Exercise instructions ▸ Among the lines below, list those containing the string "avec".
---------- Extracted information
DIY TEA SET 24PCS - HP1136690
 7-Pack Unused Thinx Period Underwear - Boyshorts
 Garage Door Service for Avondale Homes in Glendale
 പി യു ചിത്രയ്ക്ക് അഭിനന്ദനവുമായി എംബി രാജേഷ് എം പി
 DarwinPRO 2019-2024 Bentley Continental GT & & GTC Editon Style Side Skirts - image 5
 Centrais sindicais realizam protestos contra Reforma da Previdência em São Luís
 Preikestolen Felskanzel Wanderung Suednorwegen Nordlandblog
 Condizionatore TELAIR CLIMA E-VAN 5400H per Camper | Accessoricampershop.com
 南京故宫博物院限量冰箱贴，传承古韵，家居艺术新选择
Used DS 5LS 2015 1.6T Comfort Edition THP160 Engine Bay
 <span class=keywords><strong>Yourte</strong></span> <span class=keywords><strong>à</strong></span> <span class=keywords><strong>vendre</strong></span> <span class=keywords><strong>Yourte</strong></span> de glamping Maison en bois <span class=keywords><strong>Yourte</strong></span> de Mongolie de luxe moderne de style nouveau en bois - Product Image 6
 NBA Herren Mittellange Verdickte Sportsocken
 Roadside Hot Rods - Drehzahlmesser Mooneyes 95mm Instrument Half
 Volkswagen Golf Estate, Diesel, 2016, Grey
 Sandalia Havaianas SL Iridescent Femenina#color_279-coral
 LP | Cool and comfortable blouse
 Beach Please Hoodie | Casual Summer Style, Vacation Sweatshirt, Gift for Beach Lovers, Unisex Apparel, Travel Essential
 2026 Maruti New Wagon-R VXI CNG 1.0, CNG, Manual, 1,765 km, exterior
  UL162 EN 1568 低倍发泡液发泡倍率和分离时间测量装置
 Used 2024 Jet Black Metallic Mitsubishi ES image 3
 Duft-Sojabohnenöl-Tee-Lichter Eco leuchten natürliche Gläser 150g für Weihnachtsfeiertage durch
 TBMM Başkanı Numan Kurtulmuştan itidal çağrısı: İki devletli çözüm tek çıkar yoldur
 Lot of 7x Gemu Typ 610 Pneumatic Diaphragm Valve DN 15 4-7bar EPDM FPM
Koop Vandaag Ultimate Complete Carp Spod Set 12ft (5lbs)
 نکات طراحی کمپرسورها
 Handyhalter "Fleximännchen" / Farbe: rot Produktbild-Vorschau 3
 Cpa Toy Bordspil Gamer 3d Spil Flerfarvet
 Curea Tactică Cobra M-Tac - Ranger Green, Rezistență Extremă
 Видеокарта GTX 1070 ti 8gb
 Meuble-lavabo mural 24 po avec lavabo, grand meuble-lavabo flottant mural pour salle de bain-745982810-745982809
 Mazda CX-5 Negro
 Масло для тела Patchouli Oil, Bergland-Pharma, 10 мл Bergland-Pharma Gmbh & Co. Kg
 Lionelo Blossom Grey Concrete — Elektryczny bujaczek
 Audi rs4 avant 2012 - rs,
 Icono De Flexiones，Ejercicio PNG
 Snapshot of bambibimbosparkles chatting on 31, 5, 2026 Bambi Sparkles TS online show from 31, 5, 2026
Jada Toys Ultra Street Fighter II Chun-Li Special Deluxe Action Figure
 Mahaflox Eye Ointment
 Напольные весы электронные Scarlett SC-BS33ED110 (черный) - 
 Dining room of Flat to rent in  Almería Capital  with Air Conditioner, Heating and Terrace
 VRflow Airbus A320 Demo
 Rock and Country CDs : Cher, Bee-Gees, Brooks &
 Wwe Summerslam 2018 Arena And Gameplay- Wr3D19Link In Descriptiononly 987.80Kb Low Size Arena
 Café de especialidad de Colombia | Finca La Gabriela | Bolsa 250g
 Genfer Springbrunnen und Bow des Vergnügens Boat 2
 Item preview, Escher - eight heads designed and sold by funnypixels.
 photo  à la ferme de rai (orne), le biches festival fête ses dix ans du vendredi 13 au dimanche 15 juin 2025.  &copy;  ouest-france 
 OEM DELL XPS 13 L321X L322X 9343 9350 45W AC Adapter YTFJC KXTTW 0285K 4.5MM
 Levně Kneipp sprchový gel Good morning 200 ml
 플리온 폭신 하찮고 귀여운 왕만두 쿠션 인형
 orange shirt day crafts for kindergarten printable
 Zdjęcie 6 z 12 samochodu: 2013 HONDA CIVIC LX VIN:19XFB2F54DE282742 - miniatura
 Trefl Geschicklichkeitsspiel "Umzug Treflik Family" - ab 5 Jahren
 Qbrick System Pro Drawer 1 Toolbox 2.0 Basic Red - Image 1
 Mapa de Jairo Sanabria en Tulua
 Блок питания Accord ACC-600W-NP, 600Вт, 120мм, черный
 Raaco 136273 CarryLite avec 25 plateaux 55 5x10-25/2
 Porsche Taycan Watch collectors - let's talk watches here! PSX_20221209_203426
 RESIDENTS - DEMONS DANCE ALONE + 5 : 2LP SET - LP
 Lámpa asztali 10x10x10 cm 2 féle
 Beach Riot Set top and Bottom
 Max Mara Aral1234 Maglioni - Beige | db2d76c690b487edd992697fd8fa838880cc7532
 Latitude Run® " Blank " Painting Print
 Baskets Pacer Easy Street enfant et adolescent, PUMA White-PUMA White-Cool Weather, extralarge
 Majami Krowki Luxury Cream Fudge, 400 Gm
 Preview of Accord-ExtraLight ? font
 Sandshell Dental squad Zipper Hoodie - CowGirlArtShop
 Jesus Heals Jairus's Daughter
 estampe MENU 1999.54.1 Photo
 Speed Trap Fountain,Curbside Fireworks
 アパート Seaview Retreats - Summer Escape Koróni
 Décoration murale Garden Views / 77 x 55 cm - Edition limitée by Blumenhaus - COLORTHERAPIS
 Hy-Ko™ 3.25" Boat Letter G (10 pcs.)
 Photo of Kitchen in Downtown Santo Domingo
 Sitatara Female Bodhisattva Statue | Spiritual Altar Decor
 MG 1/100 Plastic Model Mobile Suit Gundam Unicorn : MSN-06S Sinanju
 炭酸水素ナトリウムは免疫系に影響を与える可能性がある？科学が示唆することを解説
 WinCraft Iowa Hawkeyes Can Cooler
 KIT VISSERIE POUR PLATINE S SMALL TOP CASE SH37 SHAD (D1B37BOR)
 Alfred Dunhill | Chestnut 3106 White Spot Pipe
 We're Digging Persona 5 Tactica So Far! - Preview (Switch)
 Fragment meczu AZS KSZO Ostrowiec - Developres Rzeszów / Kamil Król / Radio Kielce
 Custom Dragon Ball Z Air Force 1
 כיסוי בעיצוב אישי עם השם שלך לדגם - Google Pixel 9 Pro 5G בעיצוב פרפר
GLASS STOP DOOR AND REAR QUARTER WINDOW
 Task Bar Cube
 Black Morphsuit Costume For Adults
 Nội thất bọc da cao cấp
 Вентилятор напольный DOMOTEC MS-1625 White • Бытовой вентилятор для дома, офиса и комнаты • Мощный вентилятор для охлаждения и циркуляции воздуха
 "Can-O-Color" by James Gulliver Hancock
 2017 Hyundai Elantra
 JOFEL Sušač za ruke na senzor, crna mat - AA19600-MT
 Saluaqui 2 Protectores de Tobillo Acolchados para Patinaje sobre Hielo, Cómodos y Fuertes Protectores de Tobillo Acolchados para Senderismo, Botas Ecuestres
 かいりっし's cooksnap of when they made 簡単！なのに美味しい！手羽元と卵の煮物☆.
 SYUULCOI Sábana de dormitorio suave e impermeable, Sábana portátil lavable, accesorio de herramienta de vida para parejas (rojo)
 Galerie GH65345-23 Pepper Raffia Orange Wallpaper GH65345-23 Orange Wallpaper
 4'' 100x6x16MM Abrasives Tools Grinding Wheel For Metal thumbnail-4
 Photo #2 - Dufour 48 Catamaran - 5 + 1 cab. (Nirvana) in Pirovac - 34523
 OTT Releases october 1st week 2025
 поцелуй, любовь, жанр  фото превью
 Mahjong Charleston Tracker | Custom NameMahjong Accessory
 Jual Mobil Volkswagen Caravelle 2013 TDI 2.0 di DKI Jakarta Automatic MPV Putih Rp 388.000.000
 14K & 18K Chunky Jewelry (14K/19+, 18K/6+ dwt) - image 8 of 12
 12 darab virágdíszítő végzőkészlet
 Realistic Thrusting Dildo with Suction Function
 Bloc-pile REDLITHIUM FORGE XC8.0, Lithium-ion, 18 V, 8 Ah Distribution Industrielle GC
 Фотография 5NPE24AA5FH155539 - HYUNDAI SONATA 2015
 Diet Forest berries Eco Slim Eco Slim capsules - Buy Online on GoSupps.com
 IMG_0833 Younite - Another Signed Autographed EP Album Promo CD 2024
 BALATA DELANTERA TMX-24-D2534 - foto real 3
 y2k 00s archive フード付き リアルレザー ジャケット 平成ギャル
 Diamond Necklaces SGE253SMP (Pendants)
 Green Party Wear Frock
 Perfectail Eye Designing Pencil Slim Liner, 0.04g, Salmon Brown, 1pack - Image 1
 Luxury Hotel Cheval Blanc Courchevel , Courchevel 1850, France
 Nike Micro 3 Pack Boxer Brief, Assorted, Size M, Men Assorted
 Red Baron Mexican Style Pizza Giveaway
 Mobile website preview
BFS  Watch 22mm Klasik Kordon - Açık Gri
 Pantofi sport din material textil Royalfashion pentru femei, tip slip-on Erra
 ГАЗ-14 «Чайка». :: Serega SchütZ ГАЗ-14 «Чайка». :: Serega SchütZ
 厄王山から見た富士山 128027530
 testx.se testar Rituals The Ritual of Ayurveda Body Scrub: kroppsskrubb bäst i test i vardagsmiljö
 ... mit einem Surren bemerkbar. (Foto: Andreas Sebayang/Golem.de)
--------------------
Your solution ▸
 Meuble-lavabo mural 24 po avec lavabo, grand meuble-lavabo flottant mural pour salle de bain-745982810-745982809
 Raaco 136273 CarryLite avec 25 plateaux 55 5x10-25/2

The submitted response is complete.